The weakness of the associations can be demonstrated with a few examples. "High-violence watching" boys were more likely (again, only at the 95 percent confidence level) to have shoved a person as an adult than other boys, but were no more likely to have punched, beaten or choked another adult. They were no more likely to report having committed a crime or a traffic violation, but were more likely to have had a state recorded crime or traffic violation (although this is based on a very small number of incidences). The small size of the study (153 boys and 176 girls from two areas of Illinois) also calls into question how readily the findings can be generalized.

Yet the researchers developed their own model on top of these weak associations called "Adult Composite Aggression," combining all sorts of aggression, whether it be physical, indirect or traffic violation. When they compared TV viewing to this aggregate measure, they did find correlations at the 99 percent confidence level or better. The question must then arise how accurate the researchers' model is. The lack of strong associations between TV viewing and more traditional definitions of violent behavior suggests that the model may overstate the case. The researchers may have found a strong link between TV violence and general "aggression," broadly defined in the sense that a driver can be aggressive, but they did not really find a link to violence per se.

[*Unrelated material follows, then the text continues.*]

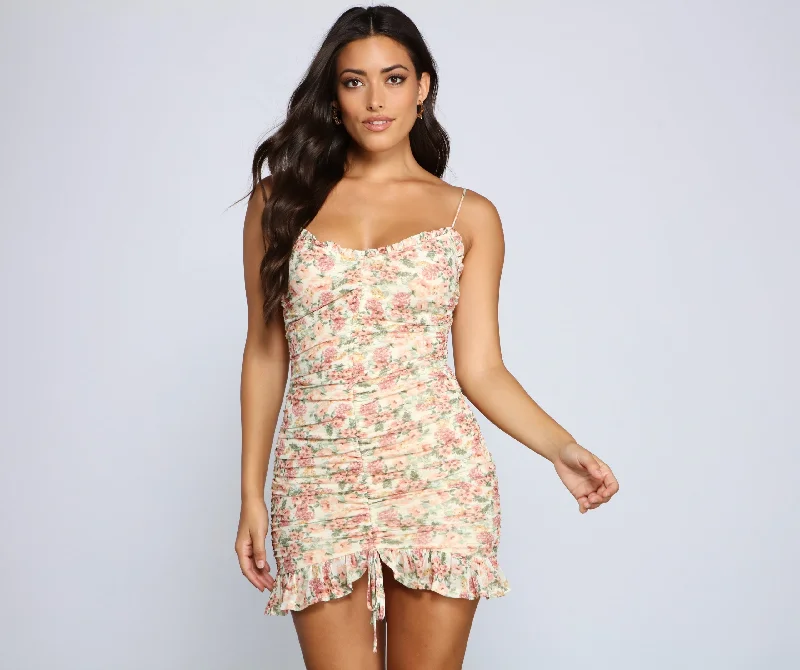 Dreamy And Chic Floral Mini Dress Comfortable One-Shoulder Mini Dress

It is also interesting that studies that find a link between TV violence and aggressive behavior in some ways contradict other studies that find a link between TV in general and heightened aggression. The former say that children watching "Sesame Street" is fine, as long as they don't watch "WWE Smackdown." The latter suggest that any form of television viewing among children is bad, and that Cookie Monster will lead eventually to aggravated assault. Can both be true? Possibly, if TV increases aggression and violent TV increases it further.

But if that is the case, then we should be seeing it show up in the crime figures. The early 90s were a time of increasing violence on TV, with shows like "Walker: Texas Ranger" providing numerous violent fights each episode. This was a far worse era for TV violence than that of Roadrunner and The Six Million Dollar Man. Yet the children whose minds may have been poisoned by these offerings are noticeably less violent than their predecessors. The juvenile homicide rate has been falling steadily since 1993, and is much less than it was when the roadrunner generation were in their mid-late teens.

The link between TV and violence is overstated. There may indeed be a link between violent TV and general overconfidence, arrogance and confrontational behavior, but that doesn't seem to translate into increases in crimes and real, physical violence. TV, including violent TV, gives us a great deal of enjoyment, which is why we watch it so much. It doesn't seem as if the social cost of that enjoyment is one we mind paying.